Monday, Jul. 03, 1995
YOUNG, GIFTED AND BACK
By CHRISTOPHER JOHN FARLEY
Men resemble their cars. Or do cars resemble their men? Either--or both--might hold true of rocker Neil Young as he folds his lanky, cranky frame into the driver's seat of his rust-pocked 1958 Lincoln Continental convertible. The car's been through a lot, and so has Young. The graying, semi-reclusive singer-songwriter was a member of the countrified '60s rock group Buffalo Springfield; one-fourth of the vocal quartet Crosby, Stills, Nash & Young; an anti-Nixon protester in the '70s; a sometime Reagan sympathizer in the '80s. Now in the '90s Young is a father figure for a new generation of alternative rockers. He turns the ignition key. The engine roars, tires spin and the Northern California roadhouse where his car was parked quickly fades in the rearview mirror. "Age," says the 49-year-old rocker, "makes no difference with music."
These days Young is running on a fresh, full tank of gas, and not just in his Lincoln. His new album, Mirror Ball (Reprise), is one of the most consistently rewarding works of his long, winding career. It features an extraordinary backup group, Pearl Jam, the youthful, populist, alternative-rock megaband. Even though Young is two decades older than any of the group's members, the pairing isn't some demographic gimmick--Sean Connery guest-starring on Friends. It is a natural coming together of rockers with a shared commitment and passion. "Actually, in many ways, I feel like Pearl Jam is older than me," says Young. "There's an ageless thing to the way they play." Their recording session in Seattle last winter was "all off the top of our heads. The goal was to record whatever was happening."

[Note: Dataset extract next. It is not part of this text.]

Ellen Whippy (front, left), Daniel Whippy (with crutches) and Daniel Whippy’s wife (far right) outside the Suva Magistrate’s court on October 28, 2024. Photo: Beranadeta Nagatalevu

Judging from the thoughtful, involving songs on Mirror Ball, something good must have been happening. Most of the songs are burly rock 'n' roll, with operatic guitar solos and propulsive drumming. Thematically, the CD portrays a world too hurt to feel, too overloaded with information to think. On I'm the Ocean, Young, in his nasally tenor, sings "Need distraction/ Need romance and candlelight/ Need random violence/ Need Entertainment Tonight." Several songs appear to allude to the suicide of rock star Kurt Cobain. On Peace & Love, for example, Young performs a duet with Pearl Jam lead singer Eddie Vedder that deals with mourning and the morning after. "I saw the dream/ I saw the wake," Vedder sings, and later adds, "I had it all once/ I gave it back."
The line could just as easily have been sung by Young, who throughout his career has shown a willingness to cut things loose and make new starts. He was born in Toronto, where he was a folk singer in the early '60s before moving to the States. Although he came of age as a man and a musician during a chaotic era, he claims that times are tougher now: "It was a breeze in the '60s to grow up, compared to [the '90s]. The '60s were so open-ended. The dream was still there, the no-matter-what- you-could-make-it feeling. Kids today feel, 'No matter what, I'm probably not going to make it.'"
Young's 1972 album, Harvest, was one of his biggest, earliest solo hits, featuring the No. 1 song Heart of Gold. In 1979, working with the band Crazy Horse, Young released Live Rust, a commanding concert album that's among the finest ever made. Since then he has drifted through many styles, from the cold, synthesizer-laden Trans (1982) through the bland blues-bar rock of This Note's for You (1988) to the sublime country pop of Harvest Moon (1992). His songs are at once rawly personal and poetically empathetic. He never follows trends, only his gut. "I just play what I feel like playing," he says, "and every once in a while I'll wake up and feel like playing something else."
Young revels in affable irascibility. He gives few interviews and says he won't talk to Rolling Stone anymore because of its perfumed ads: "I don't like the way the magazine smells." He makes no apologies for comments he made in the '80s expressing support for President Reagan's arms buildup: "I say what I believe in at the time. It may not be the same in four years." Now he's an advocate of Pearl Jam's effort to boycott Ticketmaster, the ticket-distribution service, in protest against its high prices. "Even if Pearl Jam fails, it doesn't matter," he says. "At least they've solidified their bond with the audience."
Young and his second wife Pegi live in soothing isolation on a ranch near San Francisco, a few miles from Silicon Valley. Their 16-year-old son Ben has cerebral palsy, and Young, who is fascinated by technology, has started a company that makes devices for the disabled, as well as high-tech toys. The firm is working on an improved wheelchair that Young helped design. Ben tests every device his dad's company makes. Says Young proudly: "He's a cool guy."
So the ride continues. Driving along the treacherous, twisting mountain roads, Young keeps talking and gesticulating. He scarcely pays attention to the road or the traffic. He never has.